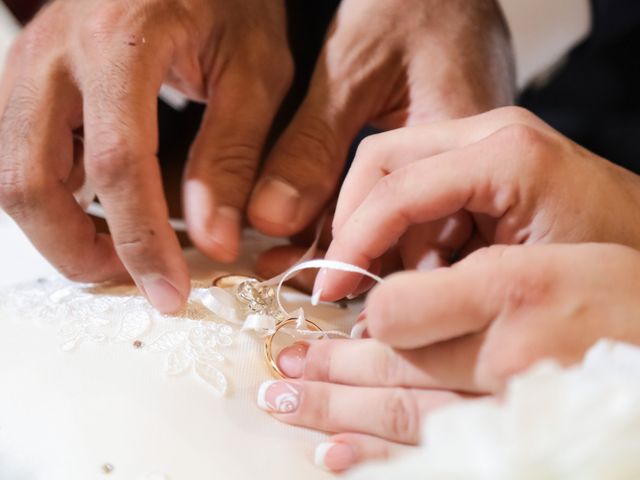 Il matrimonio di Davide e Romina a Ponte Buggianese, Pistoia 45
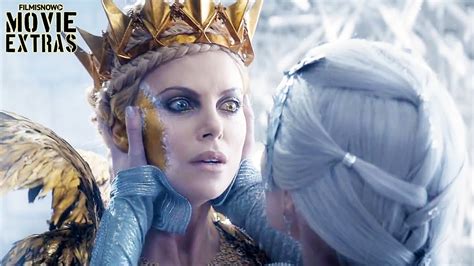 The Huntsman Winters War Clip Compilation 2016 Youtube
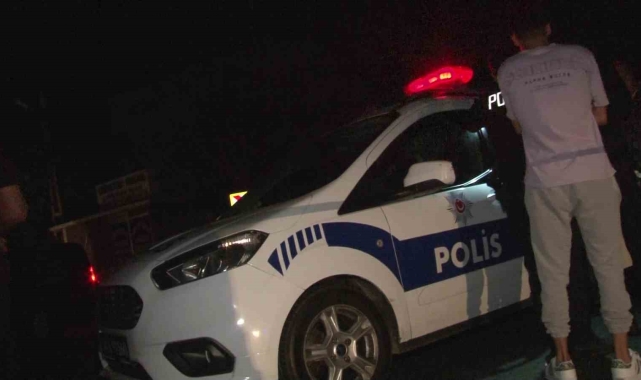 Beykoz'da kahvehaneyi taradılar: 4 yaralı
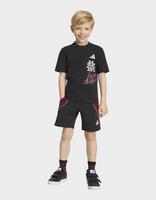 adidas Marvel Spider-man Set, T-shirt Und Shorts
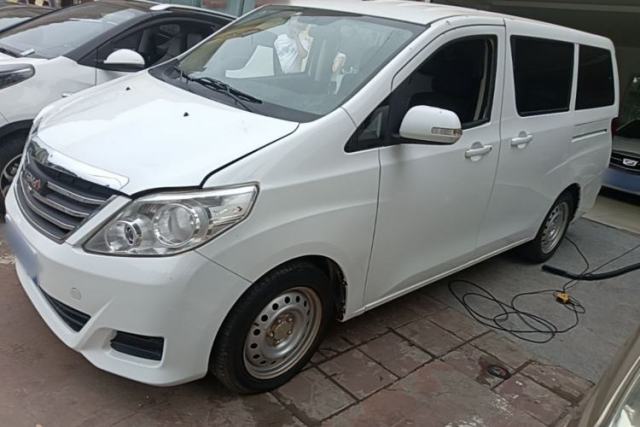 Used Yema Spica 2020 1.5L Manual Comfort Version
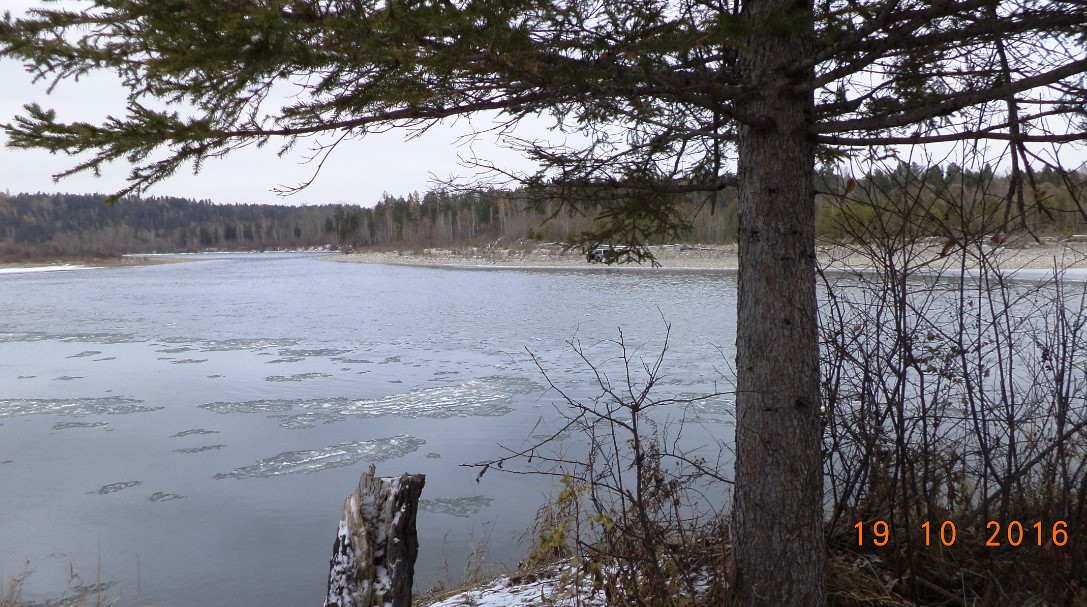 Р. Белая и её притоки.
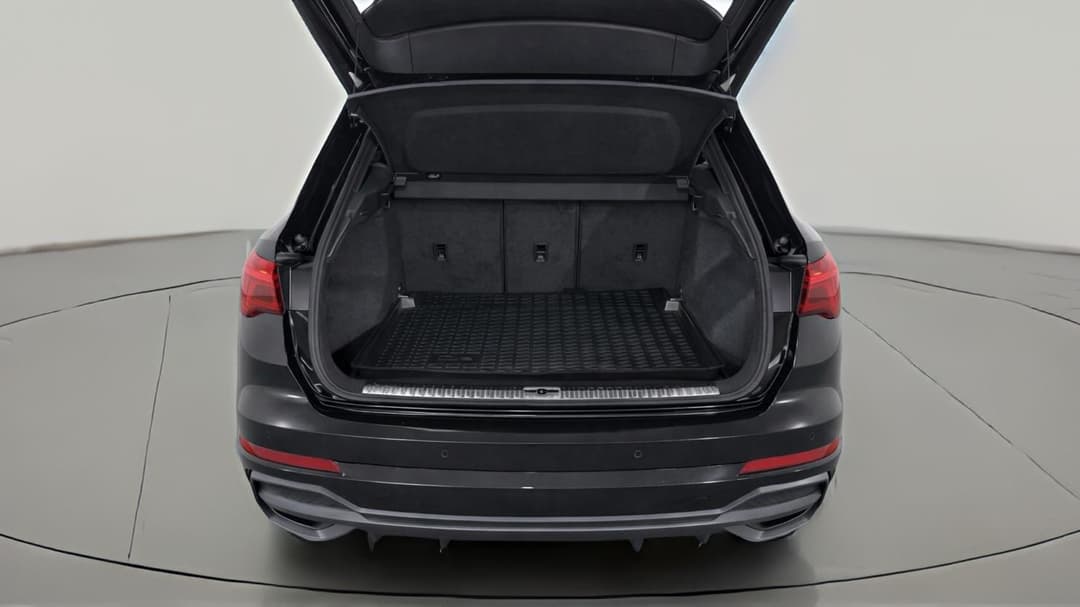 2025 Audi Q3 40 Tfsi Quattro S Line, Automatic, 10429 km, Boot Inside View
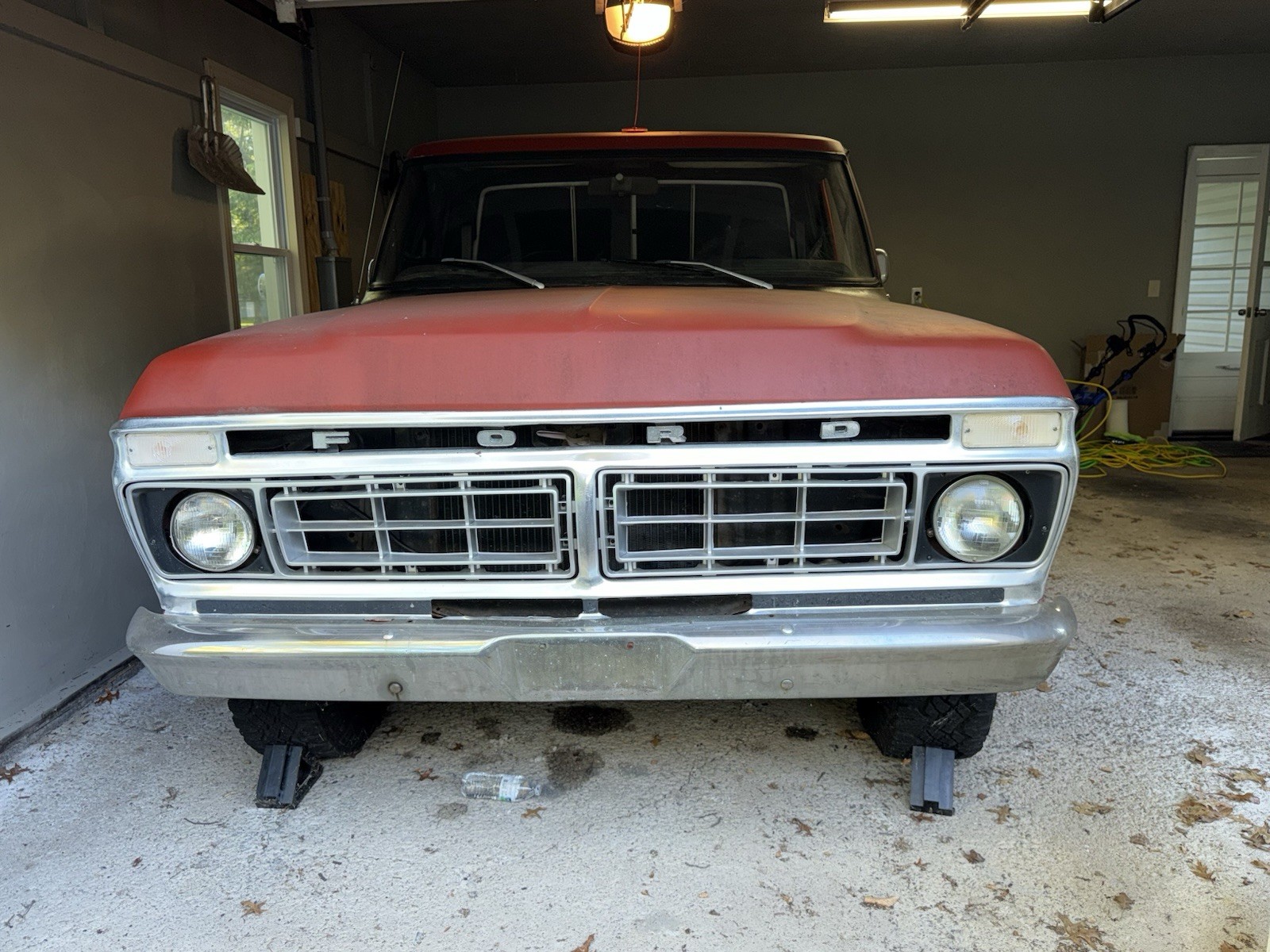 Ford F-250 1976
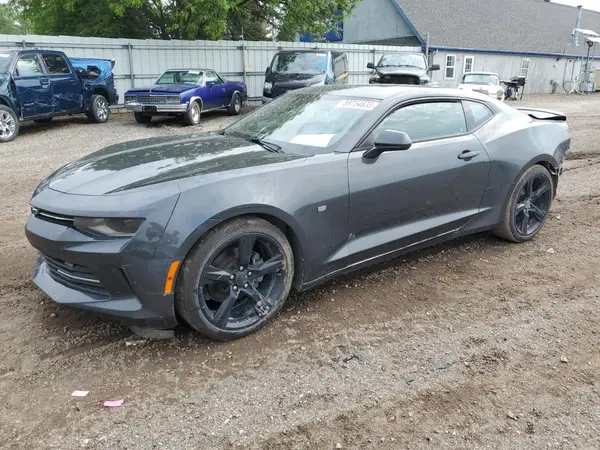 1G1FC1RS0H0129243 2017 CHEVROLET CAMARO - Image 1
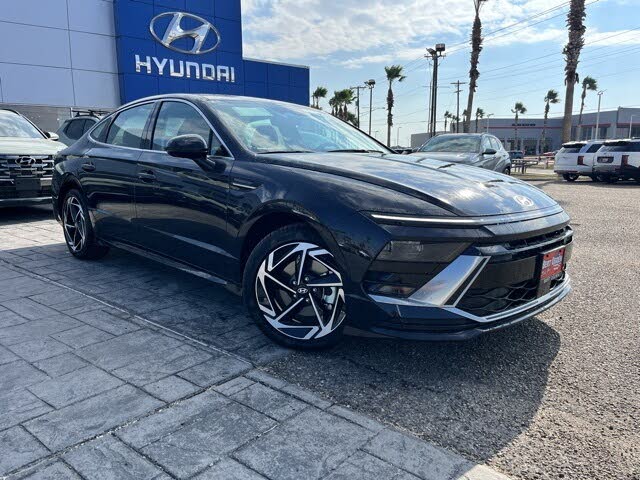 2026 Hyundai Sonata SEL Sport FWD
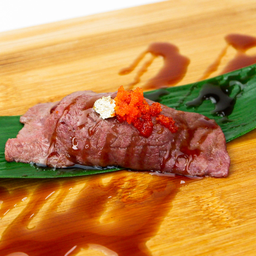 A32 แบล็ควากิว ซูชิ 1 ชิ้น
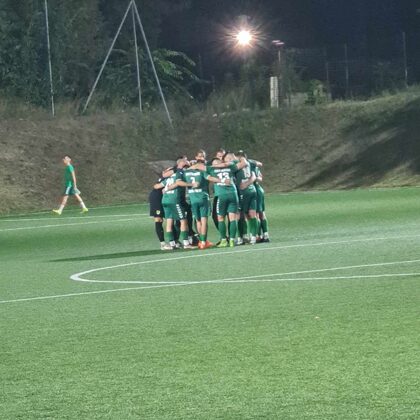 XII. Kerület Svábhegy FC - Testvériség-Újpalota SE 2-4 (0-3) (BLSZ I. osztály 5. forduló)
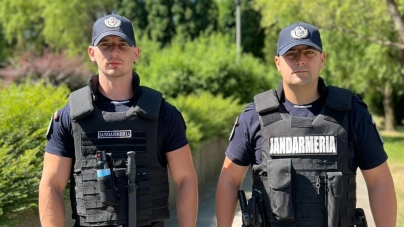 Misiunile jandarmilor din acest weekend în Maramureș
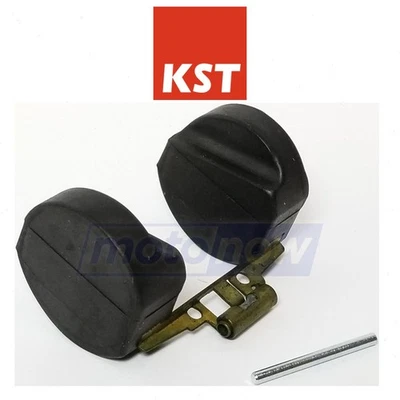 K&S Carburetor Float with Pin for 1975-1976 Honda CB550K - Fuel & Air uf Foto 1 de 4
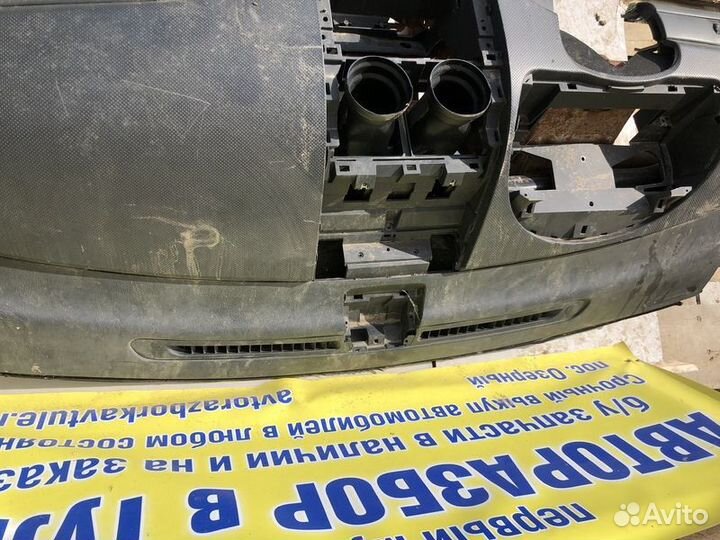 Торпедо Chevrolet Aveo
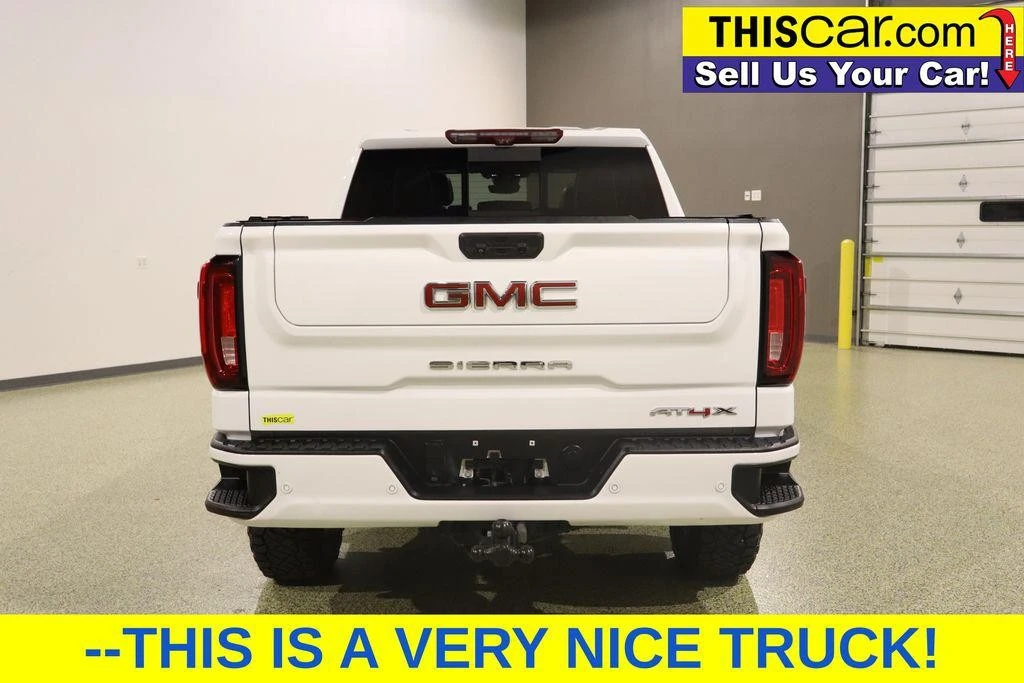 2022 GMC Sierra 5th Gen - Image 8 of 21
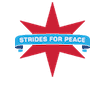 Strides for Peace Logo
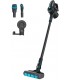 Cecotec Aspirador Escoba Sin Cable Conga Rockstar 1300 X-Treme. 3 en 1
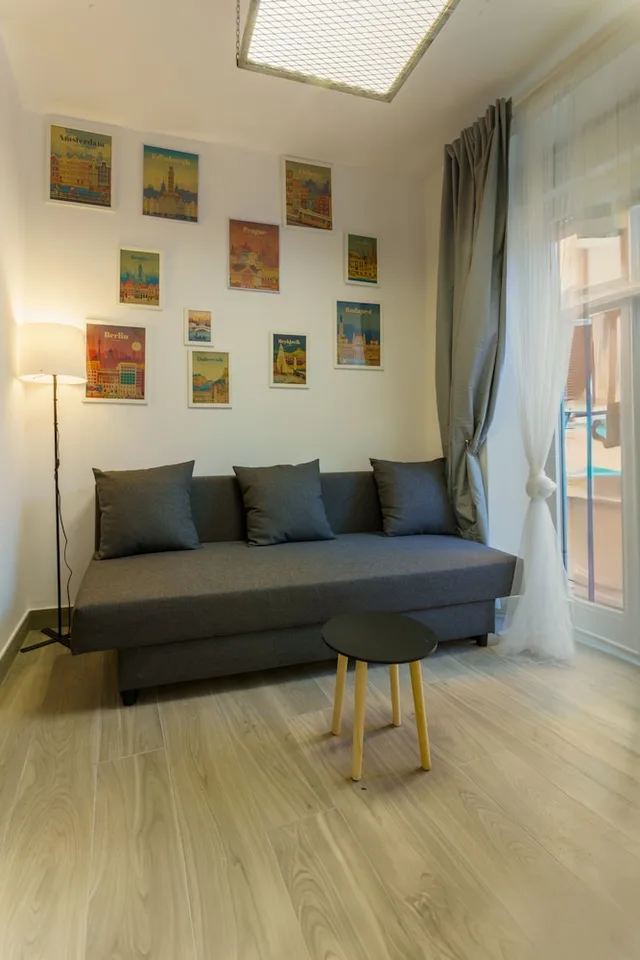 Apartamentos Mapamundi، بطليوس 26/41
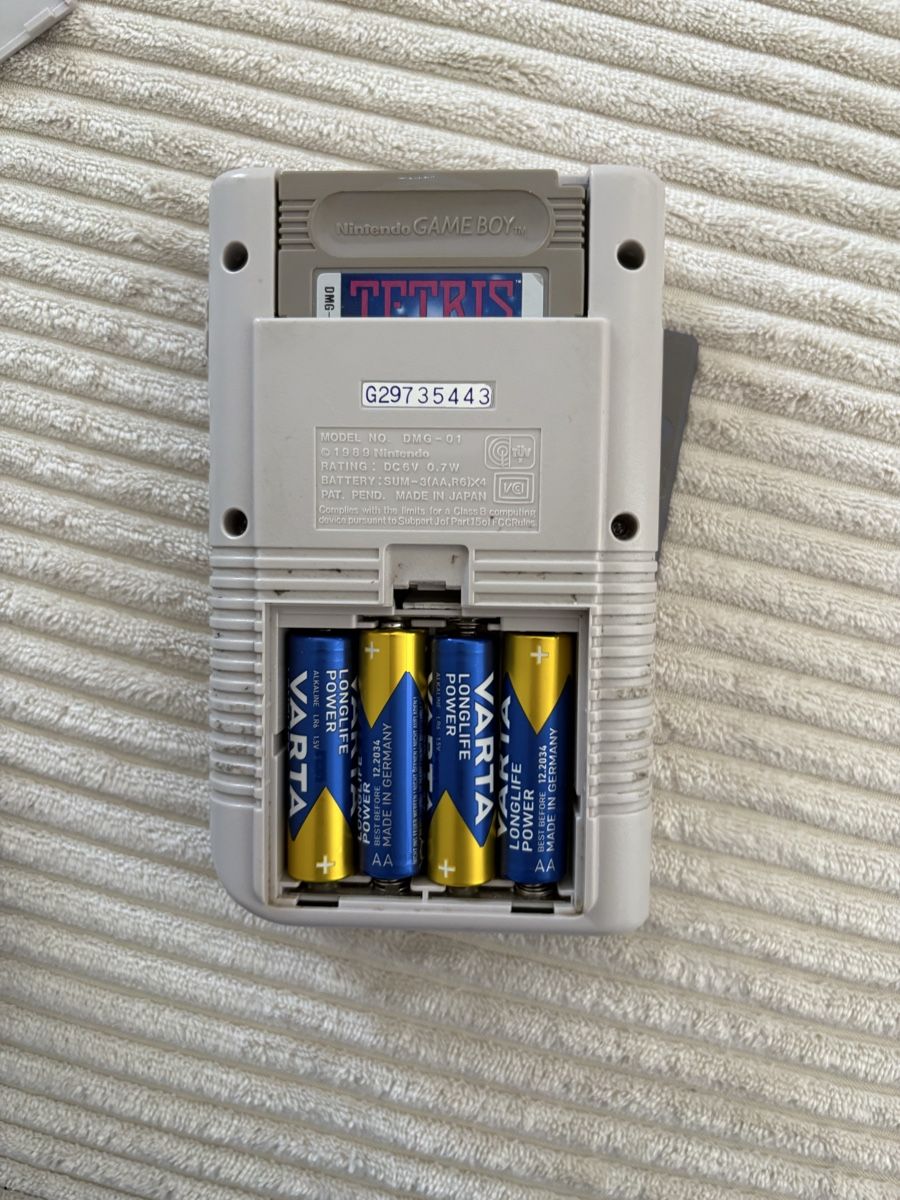Nintendo Consoles: Nintendo Gameboy, gebraucht – D'occasion à Wettingen par Dario914 4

Assigned task:
Give the data again exactly, image-free.

Written solution:
 Il matrimonio di Davide e Romina a Ponte Buggianese, Pistoia 45
 The Huntsman Winters War Clip Compilation 2016 Youtube
 Beykoz'da kahvehaneyi taradılar: 4 yaralı
 adidas Marvel Spider-man Set, T-shirt Und Shorts
 Used Yema Spica 2020 1.5L Manual Comfort Version
 Р. Белая и её притоки.
 2025 Audi Q3 40 Tfsi Quattro S Line, Automatic, 10429 km, Boot Inside View
 Ford F-250 1976
 1G1FC1RS0H0129243 2017 CHEVROLET CAMARO - Image 1
 2026 Hyundai Sonata SEL Sport FWD
 A32 แบล็ควากิว ซูชิ 1 ชิ้น
 XII. Kerület Svábhegy FC - Testvériség-Újpalota SE 2-4 (0-3) (BLSZ I. osztály 5. forduló)
 Misiunile jandarmilor din acest weekend în Maramureș
 K&S Carburetor Float with Pin for 1975-1976 Honda CB550K - Fuel & Air uf Foto 1 de 4
 Торпедо Chevrolet Aveo
 2022 GMC Sierra 5th Gen - Image 8 of 21
 Strides for Peace Logo
 Cecotec Aspirador Escoba Sin Cable Conga Rockstar 1300 X-Treme. 3 en 1
 Apartamentos Mapamundi، بطليوس 26/41
Nintendo Consoles: Nintendo Gameboy, gebraucht – D'occasion à Wettingen par Dario914 4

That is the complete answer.